Il y a des dizaines de milliers d’années, des hommes et des femmes, partout sur la planète, ont ressenti une aspiration vers l’art. Parmi les décors, sculptures ou dessins qu’ils ont créés, de nombreux exemples, intemporels ou incroyablement modernes, sont proposés à notre admiration cet hiver au musée de l’Homme. Luttant pour sa survie dans un environnement hostile, Homo sapiens a pris du temps pour concevoir des œuvres qualifiées aujourd’hui d’artistiques. La découverte de grottes décorées et d’objets sculptés ou gravés ne cesse de faire progresser notre connaissance de la préhistoire. Depuis le XIXe siècle, les scientifiques cherchent à comprendre nos ancêtres avec deux questions lancinantes : le pourquoi et le comment.
La question du sens
Ce qui pour une large part restera peut-être à jamais une énigme est le sens donné par les artistes préhistoriques à leurs œuvres. La première partie de l’exposition est consacrée à l’art mobilier, c’est-à-dire aux objets qui peuvent être déplacés. Les plus anciens ont 40 000 ans et sont issus de zones géographiques diverses. Les spécialistes distinguent la décoration sur les objets utilitaires (propulseurs, armes diverses, lissoirs…) et la conception de ceux dont l’usage nous est inconnu et peut-être symbolique comme les statues. Les scientifiques du musée de l’Homme ne veulent manifestement pas faire entrer la religion dans leur établissement. Sujet délicat et difficile à traiter, il est vrai, en l’absence de documents écrits ou de preuves tangibles.

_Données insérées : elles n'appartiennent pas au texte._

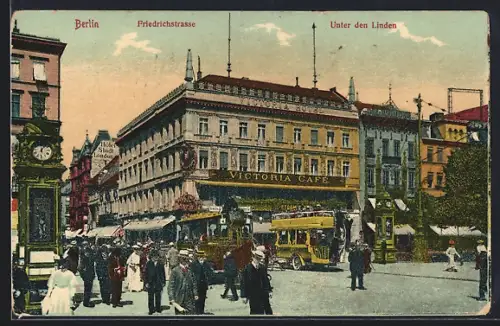 AK Berlin, Friedrichstrasse, Unter den Linden, Victoria Café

La création de fresques dans des lieux difficilement accessibles comme des grottes étroites et profondes suggère une occupation probablement rituelle. La thématique des sujets est principalement animale avec un bestiaire d’une grande diversité, mais aussi des signes (ellipses, traits et points) et de plus rares représentations humaines.
Le partage de la beauté
L’exposition est organisée en plusieurs secteurs : le premier est consacré à l’art mobilier, le deuxième à l’art pariétal ou rupestre avec une belle scénographie. Comme les fresques et dessins ne peuvent être déplacés, des films sur grand écran permettent de plonger le visiteur dans ces décors merveilleux. Ils sont souvent inaccessibles dans la réalité pour les protéger des dégradations. Zooms sur des détails ou plans larges pour se faire une idée d’ensemble, ces films montrent une grande diversité d’inspiration mais aussi une certaine parenté, car on retrouve presque partout sur la planète des exemples illustrant le talent et la créativité de nos lointains ancêtres.

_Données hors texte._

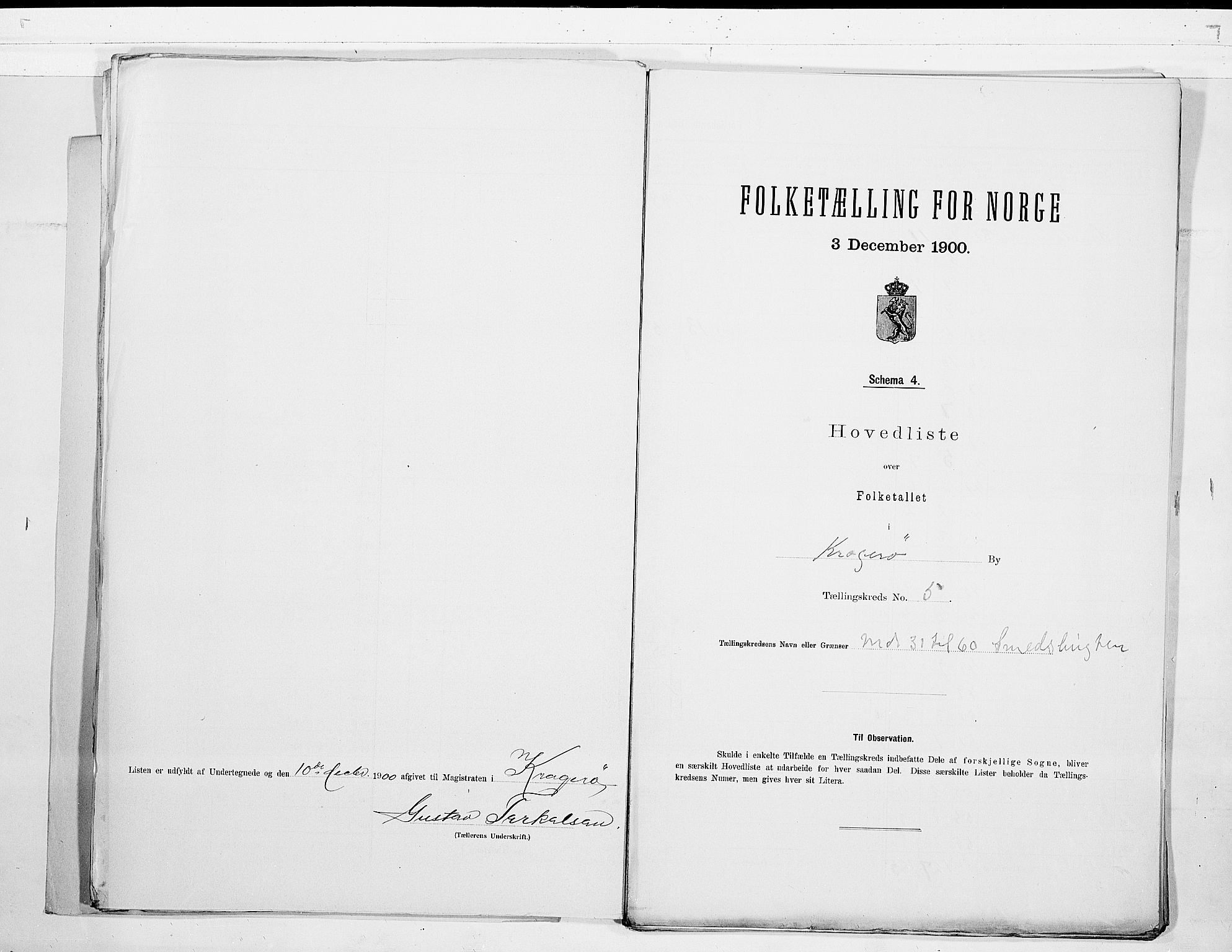 SAKO, 1900 census for Kragerø, 1900, p. 12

Un troisième espace spécifique est réservé à la vénus de Lespugue, une statuette en ivoire de mammouth d’une quinzaine de centimètres âgée de 27 000 ans dont les formes hypertrophiées et irréelles nous fascinent toujours aujourd’ hui. Symbole de fécondité ou figuration de la déesse-mère (ce qui est à peu près semblable), elle est présentée comme une œuvre d’art exceptionnelle. Des œuvres modernes qui s’en inspirent sont placées à ses côtés, pour montrer à quel point cette petite statue continue d’intriguer et reste un sujet d’admiration.

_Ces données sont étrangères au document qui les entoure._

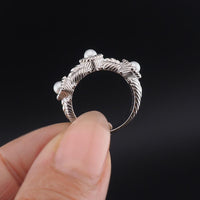 Vintage Style Judith Ripka Sterling Silver Pearl Ring, Rope Design Band - Size 5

Le dernier espace est consacré à Picasso et à la manière dont il s’est inspiré de l’art préhistorique. Illustré par ses œuvres, comme Empreinte de main, Vénus au gaz ou Femme lançant une pierre, les parallèles avec des œuvres anciennes comparables sont mis en évidence.
Preuve est faite que ni l’écart entre les millénaires ni les frontières n’empêchent l’émotion de se communiquer à nous tous.
Arts et préhistoire, jusqu’au 22 mai au musée de l’Homme, place du Trocadéro, Paris 16e . Tous les jours sauf le mardi, de 11 h à 19 h.